Return to Land Diminishes Universalism
The return of Ezra in 458 BCE and Nehemiah in 444 BCE [to Israel] brought back the particularist strand of Jewish thought. Proselytism was halted. Opposition to this isolation was expressed in Ruth and Jonah, but the particularists won for three-quarters of a century as Jews regrouped and focused only on battling significant internal problems such as intermarriage.
But the Jewish universalism that developed in the fourth and third centuries BCE, a careful blending of particularism and universalism, did not die. It was passed on to and interpreted by the Pharisees [a Jewish sect of the Second Temple period who believed in the oral tradition and interpretation of Torah and gave us the rabbinic Judaism we know today].
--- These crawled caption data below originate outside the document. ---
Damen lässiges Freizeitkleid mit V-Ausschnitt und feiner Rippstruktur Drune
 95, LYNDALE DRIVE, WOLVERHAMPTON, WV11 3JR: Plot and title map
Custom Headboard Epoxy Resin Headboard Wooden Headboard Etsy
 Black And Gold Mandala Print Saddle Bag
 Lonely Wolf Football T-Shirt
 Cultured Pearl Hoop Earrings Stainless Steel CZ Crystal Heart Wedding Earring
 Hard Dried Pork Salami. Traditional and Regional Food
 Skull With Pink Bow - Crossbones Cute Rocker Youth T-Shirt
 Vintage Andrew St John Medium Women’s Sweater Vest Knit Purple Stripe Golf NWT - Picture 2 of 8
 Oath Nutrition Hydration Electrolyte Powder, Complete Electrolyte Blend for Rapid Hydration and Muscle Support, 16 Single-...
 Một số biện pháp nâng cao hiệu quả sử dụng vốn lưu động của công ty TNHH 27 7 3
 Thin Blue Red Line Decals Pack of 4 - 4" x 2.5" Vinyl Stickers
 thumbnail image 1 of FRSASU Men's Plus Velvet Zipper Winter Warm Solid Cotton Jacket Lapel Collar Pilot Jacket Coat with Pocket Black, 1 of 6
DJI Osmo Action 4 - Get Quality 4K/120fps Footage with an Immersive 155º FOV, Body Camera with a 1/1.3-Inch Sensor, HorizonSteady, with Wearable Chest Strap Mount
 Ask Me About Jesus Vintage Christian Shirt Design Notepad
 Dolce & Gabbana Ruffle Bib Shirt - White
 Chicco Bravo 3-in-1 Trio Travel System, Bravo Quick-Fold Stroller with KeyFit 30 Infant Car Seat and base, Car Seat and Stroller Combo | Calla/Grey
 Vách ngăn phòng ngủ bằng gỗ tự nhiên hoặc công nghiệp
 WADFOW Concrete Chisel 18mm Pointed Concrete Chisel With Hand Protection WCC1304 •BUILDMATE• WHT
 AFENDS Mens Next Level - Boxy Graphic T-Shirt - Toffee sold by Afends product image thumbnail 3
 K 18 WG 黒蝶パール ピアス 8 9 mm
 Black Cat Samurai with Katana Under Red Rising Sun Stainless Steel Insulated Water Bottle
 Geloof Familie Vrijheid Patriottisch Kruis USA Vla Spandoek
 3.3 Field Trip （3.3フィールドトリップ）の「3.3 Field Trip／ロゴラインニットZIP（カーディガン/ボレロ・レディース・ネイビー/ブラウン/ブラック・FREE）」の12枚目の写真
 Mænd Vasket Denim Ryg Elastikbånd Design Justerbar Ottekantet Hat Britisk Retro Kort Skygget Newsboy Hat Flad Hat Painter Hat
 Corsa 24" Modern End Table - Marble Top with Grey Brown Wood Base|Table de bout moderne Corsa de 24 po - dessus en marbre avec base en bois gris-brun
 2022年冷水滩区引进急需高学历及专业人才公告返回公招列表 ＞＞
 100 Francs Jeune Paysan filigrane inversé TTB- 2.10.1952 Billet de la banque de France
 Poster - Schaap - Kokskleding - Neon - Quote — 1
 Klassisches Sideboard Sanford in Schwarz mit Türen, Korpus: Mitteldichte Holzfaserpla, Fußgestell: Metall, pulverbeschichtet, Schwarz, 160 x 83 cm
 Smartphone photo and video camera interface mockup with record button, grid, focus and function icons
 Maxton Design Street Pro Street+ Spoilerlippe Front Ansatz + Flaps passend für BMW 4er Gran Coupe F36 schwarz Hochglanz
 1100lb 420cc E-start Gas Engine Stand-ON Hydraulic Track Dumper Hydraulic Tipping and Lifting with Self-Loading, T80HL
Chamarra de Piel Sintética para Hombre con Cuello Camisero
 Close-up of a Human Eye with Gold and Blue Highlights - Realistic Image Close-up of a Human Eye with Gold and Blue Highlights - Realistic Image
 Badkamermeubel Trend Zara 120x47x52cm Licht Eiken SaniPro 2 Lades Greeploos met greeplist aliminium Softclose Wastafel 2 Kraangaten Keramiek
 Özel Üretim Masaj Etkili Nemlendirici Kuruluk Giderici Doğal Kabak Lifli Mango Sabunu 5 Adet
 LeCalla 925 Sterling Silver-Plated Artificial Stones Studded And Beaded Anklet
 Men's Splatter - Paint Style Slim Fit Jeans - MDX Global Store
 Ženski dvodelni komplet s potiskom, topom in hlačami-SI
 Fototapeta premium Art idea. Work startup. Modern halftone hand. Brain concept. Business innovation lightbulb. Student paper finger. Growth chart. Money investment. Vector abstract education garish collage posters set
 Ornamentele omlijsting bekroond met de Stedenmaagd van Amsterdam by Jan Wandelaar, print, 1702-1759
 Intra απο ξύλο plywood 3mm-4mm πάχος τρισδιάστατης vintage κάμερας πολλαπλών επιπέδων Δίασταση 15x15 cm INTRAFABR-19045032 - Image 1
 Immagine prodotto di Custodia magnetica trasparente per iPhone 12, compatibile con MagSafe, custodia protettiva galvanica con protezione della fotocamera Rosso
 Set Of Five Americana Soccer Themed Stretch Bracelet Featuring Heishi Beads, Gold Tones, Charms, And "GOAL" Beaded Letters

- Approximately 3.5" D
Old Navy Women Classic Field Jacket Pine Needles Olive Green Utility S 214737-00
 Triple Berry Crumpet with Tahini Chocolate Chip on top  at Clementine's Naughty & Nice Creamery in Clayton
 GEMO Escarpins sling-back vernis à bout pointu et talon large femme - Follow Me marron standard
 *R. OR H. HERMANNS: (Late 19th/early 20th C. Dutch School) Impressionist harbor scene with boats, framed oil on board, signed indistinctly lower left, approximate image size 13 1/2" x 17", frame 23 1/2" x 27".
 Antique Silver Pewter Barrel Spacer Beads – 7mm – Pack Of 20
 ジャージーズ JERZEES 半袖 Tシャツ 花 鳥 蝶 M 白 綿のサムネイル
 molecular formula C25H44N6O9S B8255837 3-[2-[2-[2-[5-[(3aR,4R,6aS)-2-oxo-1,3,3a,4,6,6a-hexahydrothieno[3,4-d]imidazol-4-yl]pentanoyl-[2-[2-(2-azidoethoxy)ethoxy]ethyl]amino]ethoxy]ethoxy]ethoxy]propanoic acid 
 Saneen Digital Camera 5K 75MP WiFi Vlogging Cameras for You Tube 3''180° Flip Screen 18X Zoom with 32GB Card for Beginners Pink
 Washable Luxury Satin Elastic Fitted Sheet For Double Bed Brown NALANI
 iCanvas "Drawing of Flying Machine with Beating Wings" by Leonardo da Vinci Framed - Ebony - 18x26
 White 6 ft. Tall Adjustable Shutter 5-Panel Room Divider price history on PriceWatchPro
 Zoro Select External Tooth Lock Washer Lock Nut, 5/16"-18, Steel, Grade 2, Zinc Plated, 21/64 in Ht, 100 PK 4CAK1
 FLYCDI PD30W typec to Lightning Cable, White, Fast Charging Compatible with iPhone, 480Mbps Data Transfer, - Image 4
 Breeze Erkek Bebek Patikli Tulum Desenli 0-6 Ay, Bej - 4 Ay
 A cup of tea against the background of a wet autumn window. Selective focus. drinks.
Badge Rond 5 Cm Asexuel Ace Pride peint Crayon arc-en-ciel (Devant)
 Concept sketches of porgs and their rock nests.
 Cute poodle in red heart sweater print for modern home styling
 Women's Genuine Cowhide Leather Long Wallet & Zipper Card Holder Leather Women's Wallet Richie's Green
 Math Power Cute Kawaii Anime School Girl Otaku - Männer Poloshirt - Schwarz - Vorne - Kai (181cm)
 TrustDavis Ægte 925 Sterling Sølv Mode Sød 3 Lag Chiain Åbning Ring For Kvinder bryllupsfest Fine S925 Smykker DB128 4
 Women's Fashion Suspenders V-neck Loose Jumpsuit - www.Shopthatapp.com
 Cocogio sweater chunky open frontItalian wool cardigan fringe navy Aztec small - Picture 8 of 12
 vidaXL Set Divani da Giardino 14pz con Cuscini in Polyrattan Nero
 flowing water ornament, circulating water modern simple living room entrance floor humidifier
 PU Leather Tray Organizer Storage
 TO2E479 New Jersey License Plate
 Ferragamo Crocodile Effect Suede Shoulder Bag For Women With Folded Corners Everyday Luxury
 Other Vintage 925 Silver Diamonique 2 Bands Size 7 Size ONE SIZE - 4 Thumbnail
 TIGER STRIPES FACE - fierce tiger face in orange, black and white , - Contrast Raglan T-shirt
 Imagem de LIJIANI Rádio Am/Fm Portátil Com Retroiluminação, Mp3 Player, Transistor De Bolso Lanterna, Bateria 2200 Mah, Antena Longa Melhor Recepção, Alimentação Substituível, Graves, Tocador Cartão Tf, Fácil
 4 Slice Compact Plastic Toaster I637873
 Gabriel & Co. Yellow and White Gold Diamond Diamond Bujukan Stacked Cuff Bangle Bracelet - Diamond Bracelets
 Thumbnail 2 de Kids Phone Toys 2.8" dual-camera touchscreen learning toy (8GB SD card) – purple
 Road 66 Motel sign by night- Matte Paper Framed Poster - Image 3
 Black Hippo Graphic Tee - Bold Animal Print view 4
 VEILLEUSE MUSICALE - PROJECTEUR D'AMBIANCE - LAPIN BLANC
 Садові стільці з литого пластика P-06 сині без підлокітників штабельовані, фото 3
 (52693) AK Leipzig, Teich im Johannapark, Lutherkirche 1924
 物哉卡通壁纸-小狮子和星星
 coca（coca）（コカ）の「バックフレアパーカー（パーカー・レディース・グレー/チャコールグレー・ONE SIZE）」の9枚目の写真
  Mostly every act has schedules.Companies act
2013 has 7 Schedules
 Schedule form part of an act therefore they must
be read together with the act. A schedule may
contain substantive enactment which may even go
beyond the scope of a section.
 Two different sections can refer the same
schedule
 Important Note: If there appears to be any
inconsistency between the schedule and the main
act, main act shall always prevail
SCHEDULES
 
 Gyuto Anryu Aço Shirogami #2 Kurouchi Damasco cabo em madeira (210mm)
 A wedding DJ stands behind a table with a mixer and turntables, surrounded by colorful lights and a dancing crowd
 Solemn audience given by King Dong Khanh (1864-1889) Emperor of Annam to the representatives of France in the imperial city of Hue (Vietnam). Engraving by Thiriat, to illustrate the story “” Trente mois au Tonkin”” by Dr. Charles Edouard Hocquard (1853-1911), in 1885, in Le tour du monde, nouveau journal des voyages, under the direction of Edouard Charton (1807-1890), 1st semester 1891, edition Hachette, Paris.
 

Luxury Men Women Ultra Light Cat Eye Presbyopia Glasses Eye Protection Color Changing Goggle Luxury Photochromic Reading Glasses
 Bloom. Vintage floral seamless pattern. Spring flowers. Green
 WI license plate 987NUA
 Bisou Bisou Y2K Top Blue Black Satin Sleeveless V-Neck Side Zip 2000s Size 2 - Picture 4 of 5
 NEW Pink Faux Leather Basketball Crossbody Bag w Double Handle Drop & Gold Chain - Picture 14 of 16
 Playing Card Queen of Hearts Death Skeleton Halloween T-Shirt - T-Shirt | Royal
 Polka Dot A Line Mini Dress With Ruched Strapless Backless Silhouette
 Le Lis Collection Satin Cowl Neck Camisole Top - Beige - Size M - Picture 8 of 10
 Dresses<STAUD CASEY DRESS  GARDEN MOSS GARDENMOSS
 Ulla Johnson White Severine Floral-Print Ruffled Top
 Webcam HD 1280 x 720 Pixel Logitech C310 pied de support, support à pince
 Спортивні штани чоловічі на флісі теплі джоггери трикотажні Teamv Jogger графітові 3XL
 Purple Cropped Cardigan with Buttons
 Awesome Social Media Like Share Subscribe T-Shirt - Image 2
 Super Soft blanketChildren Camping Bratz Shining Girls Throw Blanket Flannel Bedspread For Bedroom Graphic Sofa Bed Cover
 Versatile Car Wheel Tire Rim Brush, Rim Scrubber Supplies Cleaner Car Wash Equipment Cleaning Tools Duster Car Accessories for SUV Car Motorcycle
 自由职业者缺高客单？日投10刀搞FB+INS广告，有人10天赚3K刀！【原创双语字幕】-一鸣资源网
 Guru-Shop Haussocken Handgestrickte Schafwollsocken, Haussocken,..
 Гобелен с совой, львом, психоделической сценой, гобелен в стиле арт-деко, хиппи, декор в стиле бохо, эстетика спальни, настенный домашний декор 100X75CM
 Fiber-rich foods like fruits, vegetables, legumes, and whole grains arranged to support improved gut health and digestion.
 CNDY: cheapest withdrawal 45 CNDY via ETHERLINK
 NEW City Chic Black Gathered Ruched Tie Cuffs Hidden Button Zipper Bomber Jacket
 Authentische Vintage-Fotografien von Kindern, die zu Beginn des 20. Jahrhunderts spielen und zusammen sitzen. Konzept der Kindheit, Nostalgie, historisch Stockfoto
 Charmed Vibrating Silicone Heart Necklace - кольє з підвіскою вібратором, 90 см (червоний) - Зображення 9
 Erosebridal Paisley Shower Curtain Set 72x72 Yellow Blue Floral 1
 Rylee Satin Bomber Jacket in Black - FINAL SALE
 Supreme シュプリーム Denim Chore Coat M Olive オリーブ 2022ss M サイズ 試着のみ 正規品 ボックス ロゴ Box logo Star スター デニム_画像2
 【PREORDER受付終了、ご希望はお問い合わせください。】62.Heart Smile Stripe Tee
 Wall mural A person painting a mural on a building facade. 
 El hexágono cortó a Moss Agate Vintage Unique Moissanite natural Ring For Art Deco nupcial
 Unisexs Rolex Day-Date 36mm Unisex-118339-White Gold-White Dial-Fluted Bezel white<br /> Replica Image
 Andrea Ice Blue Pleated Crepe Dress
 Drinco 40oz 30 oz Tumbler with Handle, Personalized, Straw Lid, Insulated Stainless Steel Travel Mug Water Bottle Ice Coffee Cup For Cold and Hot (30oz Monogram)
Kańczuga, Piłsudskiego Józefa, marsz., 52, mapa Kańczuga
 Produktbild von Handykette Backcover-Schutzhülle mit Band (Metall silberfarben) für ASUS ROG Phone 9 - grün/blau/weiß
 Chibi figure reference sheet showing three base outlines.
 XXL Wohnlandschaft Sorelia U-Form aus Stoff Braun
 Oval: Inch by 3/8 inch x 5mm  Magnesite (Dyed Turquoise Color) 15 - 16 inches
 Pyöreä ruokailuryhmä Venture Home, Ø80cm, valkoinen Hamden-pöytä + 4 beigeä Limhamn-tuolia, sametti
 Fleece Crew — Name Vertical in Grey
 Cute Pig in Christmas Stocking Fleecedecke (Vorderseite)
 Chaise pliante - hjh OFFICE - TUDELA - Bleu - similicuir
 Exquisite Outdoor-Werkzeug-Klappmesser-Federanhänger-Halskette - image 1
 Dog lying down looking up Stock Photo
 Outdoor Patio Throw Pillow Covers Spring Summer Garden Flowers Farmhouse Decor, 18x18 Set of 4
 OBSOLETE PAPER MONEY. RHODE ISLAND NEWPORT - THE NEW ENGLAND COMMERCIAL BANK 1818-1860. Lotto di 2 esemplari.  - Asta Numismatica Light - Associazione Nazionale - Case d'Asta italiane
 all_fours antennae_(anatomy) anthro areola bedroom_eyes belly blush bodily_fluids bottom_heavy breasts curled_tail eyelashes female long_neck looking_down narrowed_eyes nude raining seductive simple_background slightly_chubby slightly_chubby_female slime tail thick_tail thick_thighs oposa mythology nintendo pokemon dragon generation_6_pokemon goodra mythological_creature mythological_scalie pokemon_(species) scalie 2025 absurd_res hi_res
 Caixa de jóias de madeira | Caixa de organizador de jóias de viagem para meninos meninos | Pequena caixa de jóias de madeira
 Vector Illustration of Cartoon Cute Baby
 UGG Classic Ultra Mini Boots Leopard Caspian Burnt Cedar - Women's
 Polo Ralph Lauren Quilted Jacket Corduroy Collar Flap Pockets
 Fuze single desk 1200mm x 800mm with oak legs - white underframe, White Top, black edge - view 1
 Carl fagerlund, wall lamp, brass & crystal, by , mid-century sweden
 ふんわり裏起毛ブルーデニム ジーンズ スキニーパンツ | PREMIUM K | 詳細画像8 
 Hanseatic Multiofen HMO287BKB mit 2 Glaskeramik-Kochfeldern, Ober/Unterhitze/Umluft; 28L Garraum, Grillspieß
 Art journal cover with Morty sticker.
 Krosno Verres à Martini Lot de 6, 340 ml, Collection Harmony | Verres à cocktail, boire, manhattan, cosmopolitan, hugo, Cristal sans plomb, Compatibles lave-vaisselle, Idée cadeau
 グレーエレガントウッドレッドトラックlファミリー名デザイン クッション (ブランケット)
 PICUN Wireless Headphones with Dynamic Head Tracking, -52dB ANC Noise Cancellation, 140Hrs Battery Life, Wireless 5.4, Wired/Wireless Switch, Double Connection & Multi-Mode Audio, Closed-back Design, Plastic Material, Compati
The emergence of the Pharisees was important because their theological views buttressed the pro-conversionary views widely held by Jews. The Pharisees believed that a universal messianic future would eventually occur, and that salvation was not a matter of birth, but of keeping the Torah. This democratization of salvation was important, for it theoretically made Judaism available to everyone in the world. The Pharisaic emphasis on social ethics included the notion that loving your neighbor as yourself meant making the Torah available to that neighbor. The Pharisees also believed in chosenness, with its sense of mission.
In some sense, though, the pro-conversionary views of the Pharisees were mixed. The Second Commonwealth had inherited the social divisions of the earlier kingdom. The urban plebians (e.g., Hillel and Joshua ben Hananya) were very much in favor of active proselytizing. Another segment of society, the provincials (e.g., Shammai and Eliezer ben Hyrcanus), opposed proselytizing, believing that a person was born into Judaism and could not join it. This struggle allowed for the eventual triumph of the provincials, but only after a long period of plebian success at convincing Jews that proselytization was central to their religion.